-- GIVEN RECORDS follows --
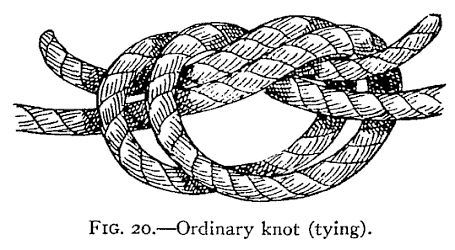Illustration: FIG. 20.—Ordinary knot (tying).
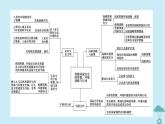 新教材2023年高中地理章末整合提升4第4章保障国家安全的资源环境战略与行动课件新人教版选择性必修3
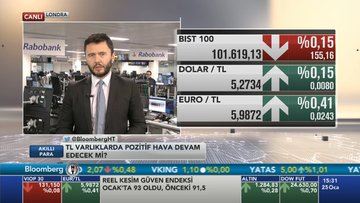 Rabobank/ Matys: Türk varlıklarına olan talep kesinlikle iyileşti
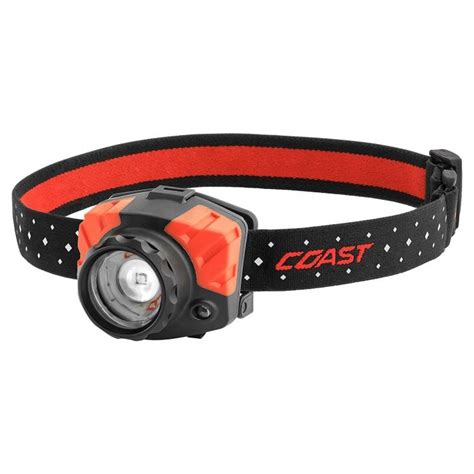 Top 10 Best Rechargeable Headlamps In 2021 Reviews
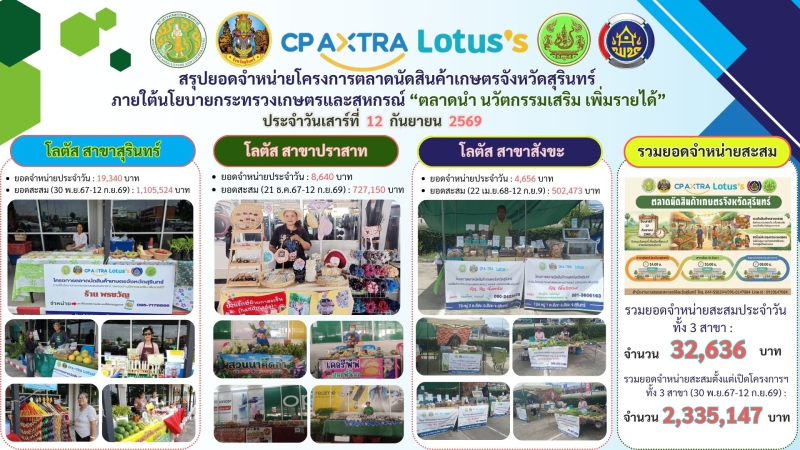ยอดจำหน่ายตลาดนัดสินค้าเกษตรจังหวัดสุรินทร์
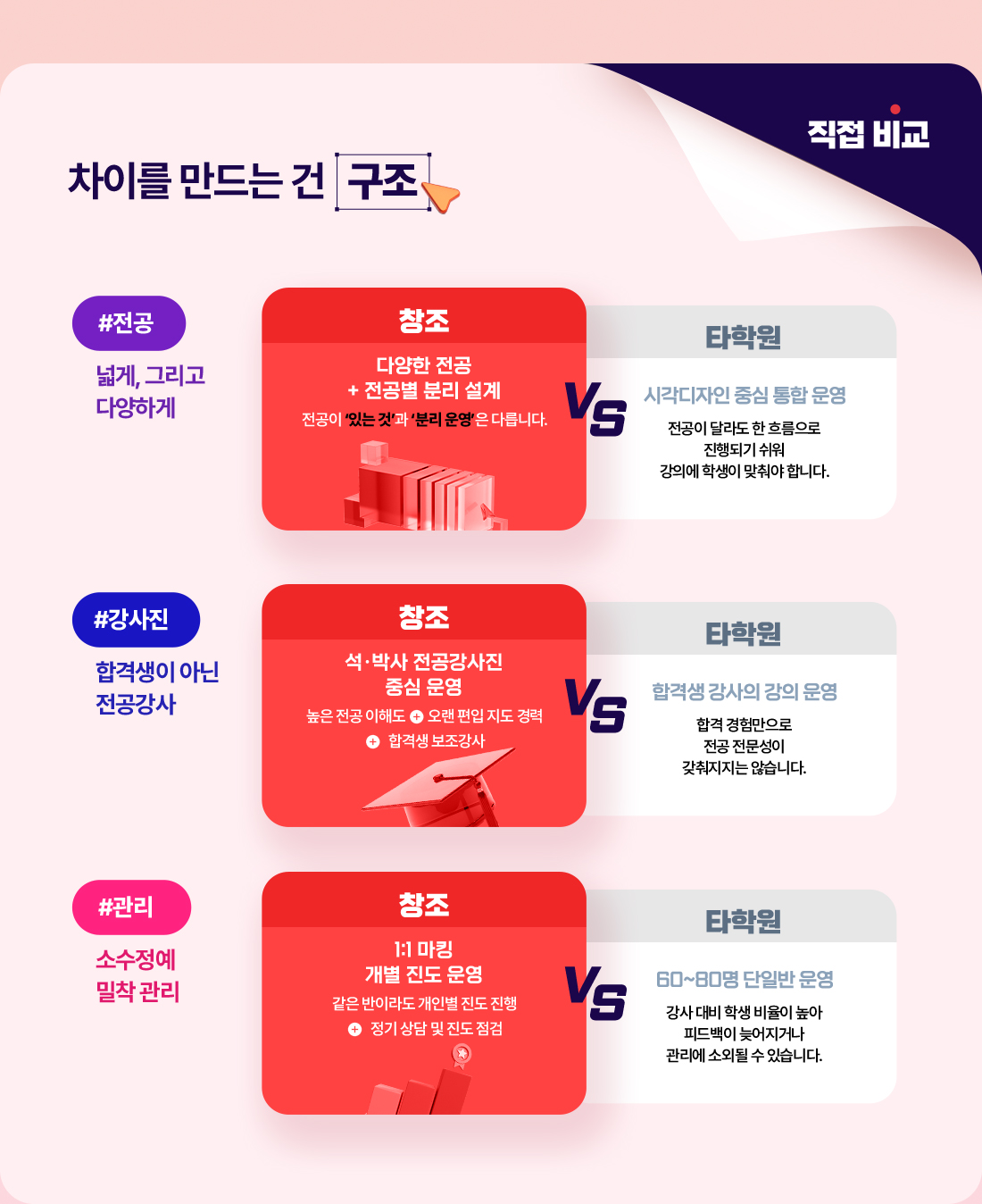 ����ȸ ������ ����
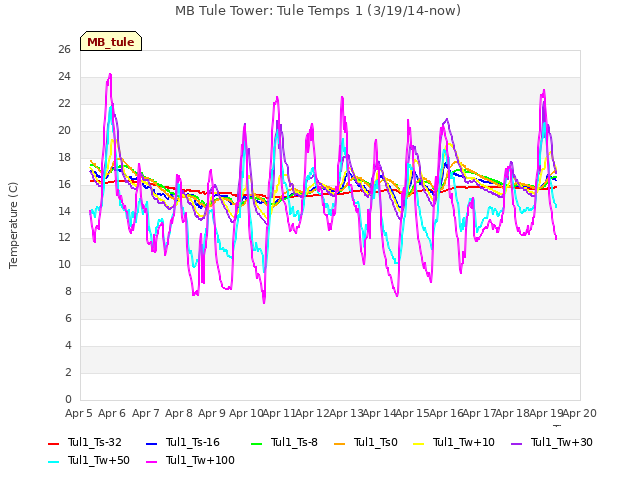 plot of MB Tule Tower: Tule Temps 1 (3/19/14-now)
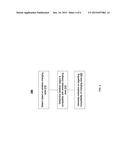 USER INDICATION OF COMPATIBLE WIRELESS CHARGING AREA diagram and image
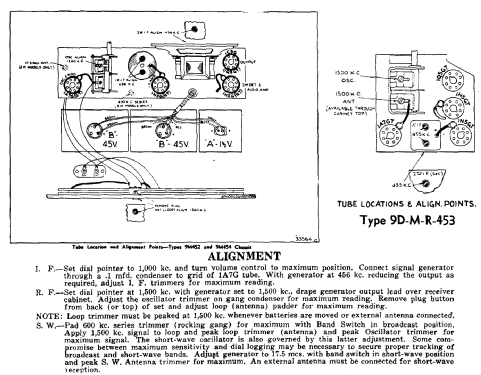 Vendome Ch= 9D453; De Forest DeForest (ID = 2241160) Radio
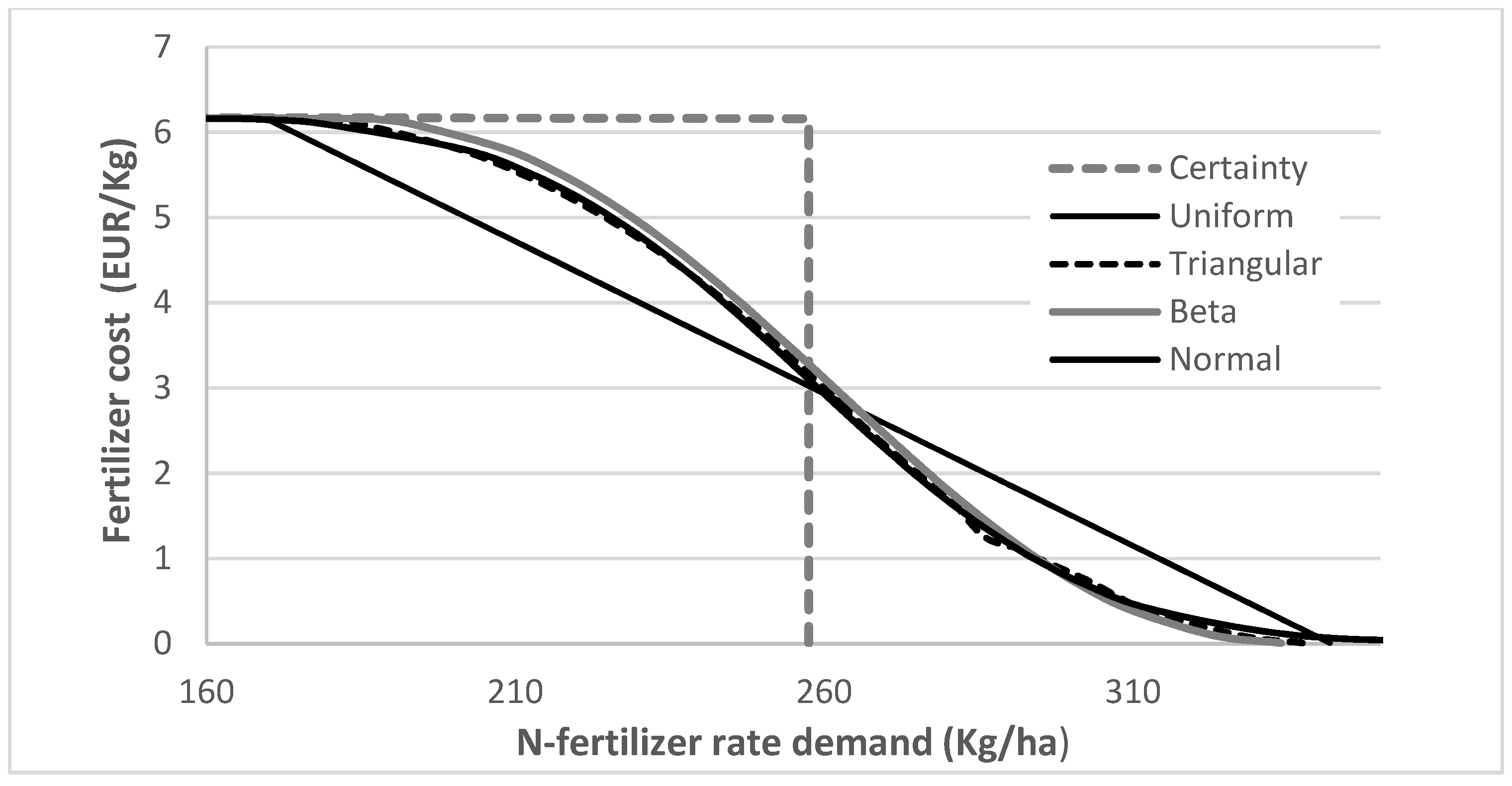 Agronomy 11 01107 g003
-- GIVEN RECORDS concluded --
**WORK ORDER:**
Every record should be duplicated exactly, though any picture in it must be left out.

**RESPONSE BELOW:**
Illustration: FIG. 20.—Ordinary knot (tying).
 新教材2023年高中地理章末整合提升4第4章保障国家安全的资源环境战略与行动课件新人教版选择性必修3
 Rabobank/ Matys: Türk varlıklarına olan talep kesinlikle iyileşti
 Top 10 Best Rechargeable Headlamps In 2021 Reviews
ยอดจำหน่ายตลาดนัดสินค้าเกษตรจังหวัดสุรินทร์
 ����ȸ ������ ����
 plot of MB Tule Tower: Tule Temps 1 (3/19/14-now)
 USER INDICATION OF COMPATIBLE WIRELESS CHARGING AREA diagram and image
 Vendome Ch= 9D453; De Forest DeForest (ID = 2241160) Radio
 Agronomy 11 01107 g003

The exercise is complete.